Blackett era muy admirado como teórico y como experimentador ingenioso y, más tarde, en 1948, ganó un premio Nobel. Tenía una formación inusual: nacido en una familia de navegantes, ingresó en la Royal Navy como cadete a la edad de trece años y sirvió en muchos de los compromisos de la primera guerra mundial. Cuando volvió la paz, fue elegido miembro de un pequeño grupo de jóvenes oficiales de carrera enviados a Cambridge para un curso de seis meses. Para entonces, Blackett ya había demostrado una excepcional facilidad técnica y había ideado una ayuda para la artillería utilizada en la Royal Navy. En Cambridge fue a visitar el Laboratorio Cavendish por la curiosidad de ver cómo era un laboratorio de física. Seducido al instante, dimitió de su comisión y se matriculó en la Universidad como licenciado maduro. Allí desarrolló su ideología política; su simpatía por la Unión Soviética iba a mantenerle fuera del programa de bomba nuclear británico tras la segunda guerra mundial, aunque había participado en el Proyecto Manhattan en Estados Unidos. Al final de su vida se sentaba en los escaños laboristas en la Cámara de los Lores como lord Blackett de Chelsea; murió en 1974.
La idea de Blackett, nacida de sus conversaciones con Bullard, era que el magnetismo de la Tierra era el resultado de la rotación y que, de hecho, cualquier cuerpo masivo rotante generaría un campo magnético. Un aspecto atractivo de esta hipótesis era su posible relación con la idea de Einstein de un nexo entre gravedad y electromagnetismo. Blackett se propuso detectar tal efecto generado por un cuerpo no magnético en rotación. Esto requería la medida de intensidades de campo magnético muy por debajo de las que podían detectarse con las técnicas existentes. En consecuencia, Blackett ideó y construyó un magnetómetro de sensibilidad inigualable. El ambiente de un laboratorio universitario era inapropiado debido a la presencia de fuentes de magnetismo de fondo, así que Blackett instaló un cobertizo construido en madera, sujeto con clavos de cobre, en un campo de Jodrell Bank, en Cheshire, donde su amigo, Bernard Lowell, había situado su radiotelescopio. En la cabaña erigió un bloque de cemento, que descansaba sobre un cojín de goma blanda, con una cavidad en el centro, donde colgó su cuerpo rotante. Gracias a sus relaciones durante la guerra, pues su país había reconocido sus servicios, se las arregló para que el Banco de Inglaterra le prestase el oro suficiente para fundirlo en un cilindro de 10 centímetros de diámetro que pesaba más de 15 kilogramos.
Blackett hizo sus medidas pero el cilindro rotante no generaba ningún campo magnético perceptible.
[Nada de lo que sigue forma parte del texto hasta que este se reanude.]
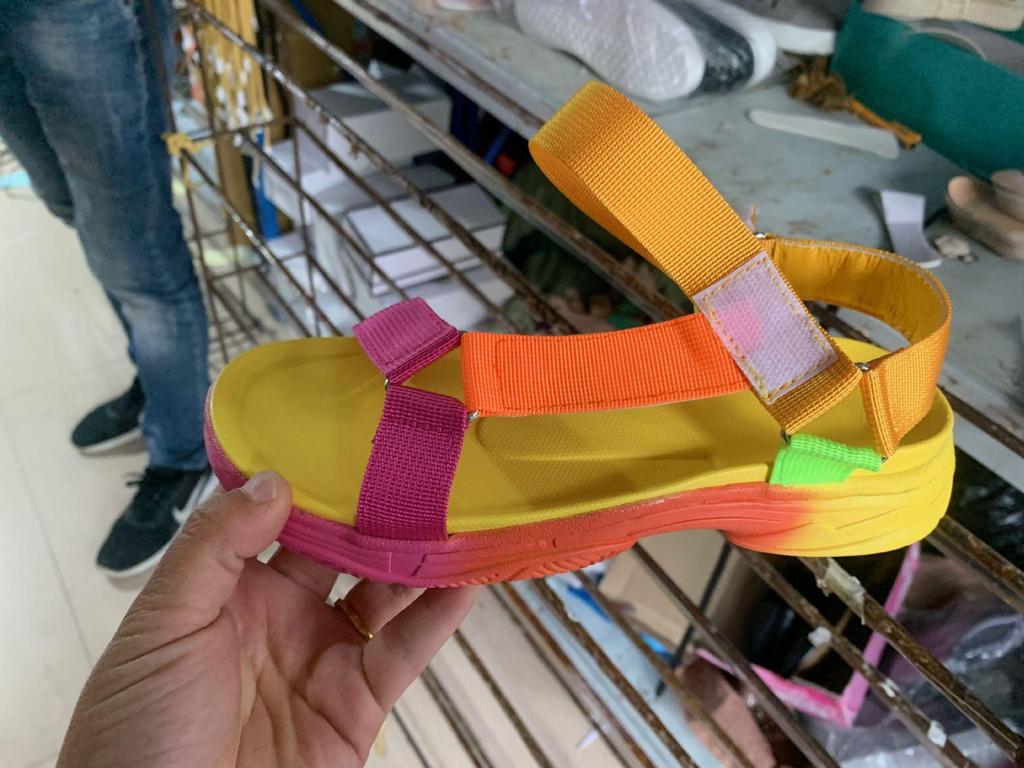 Dames Plus Size Kleurrijke Lichte Strandsandalen - Zachte Zool, Trendy Stijl (Maten 42-43)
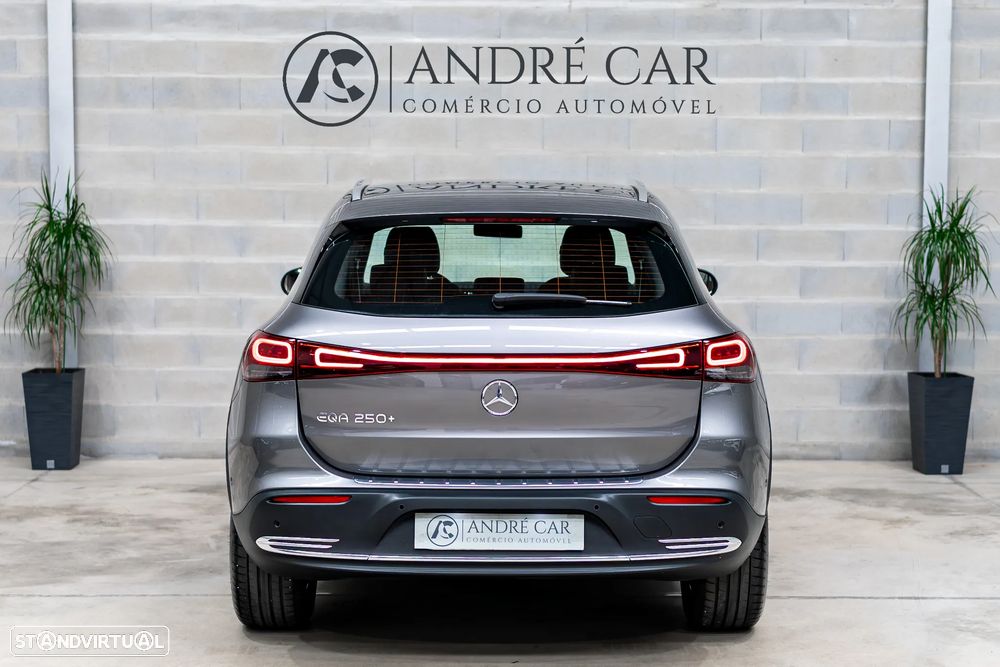 Mercedes-Benz EQA 250+ Progressive - 9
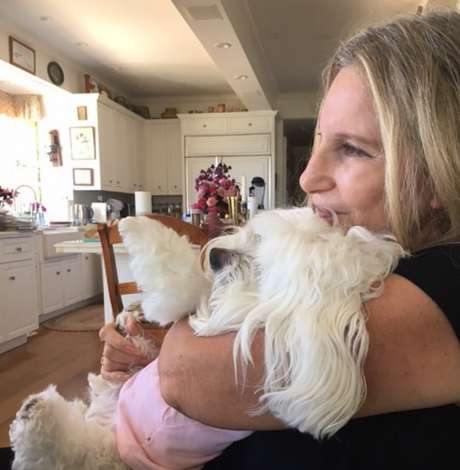 Барбра Стрейзанд со своей собакой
La teoría, había que admitirlo, era errónea. Pero el logro técnico fue prodigioso y proporcionó un medio para medir el contenido magnético de los minerales. Esto, a su vez, inauguró un nuevo capítulo en la geofísica, pues las medidas de la intensidad y dirección del magnetismo residual en rocas condujeron a nuevas ideas sobre los movimientos de la corteza de la tierra a lo largo de los tiempos. La plasticidad de la corteza fue propuesta en el siglo XIX por George Darwin, hijo de Charles, quien por ello entró en conflicto con el gran pope de la física victoriana, William Thomson, lord Kelvin [10]. El padre de Darwin le incitó: «Hurra por las entrañas de la tierra», escribió a George, «y su viscosidad y por la luna y por los cuerpos celestes y por mi hijo George». Hubiera estado encantado por todo lo que surgió del experimento de Blackett en la cabaña en Jodrell Bank.
Véase P. M. S. Blackett: A Biographical Memoir, de sir Bernard Lowell (Royal Society, Londres, 1976); también, The Dark Side of the Earth, de Robert Muir Wood (Allen and Unwin, Londres, 1985).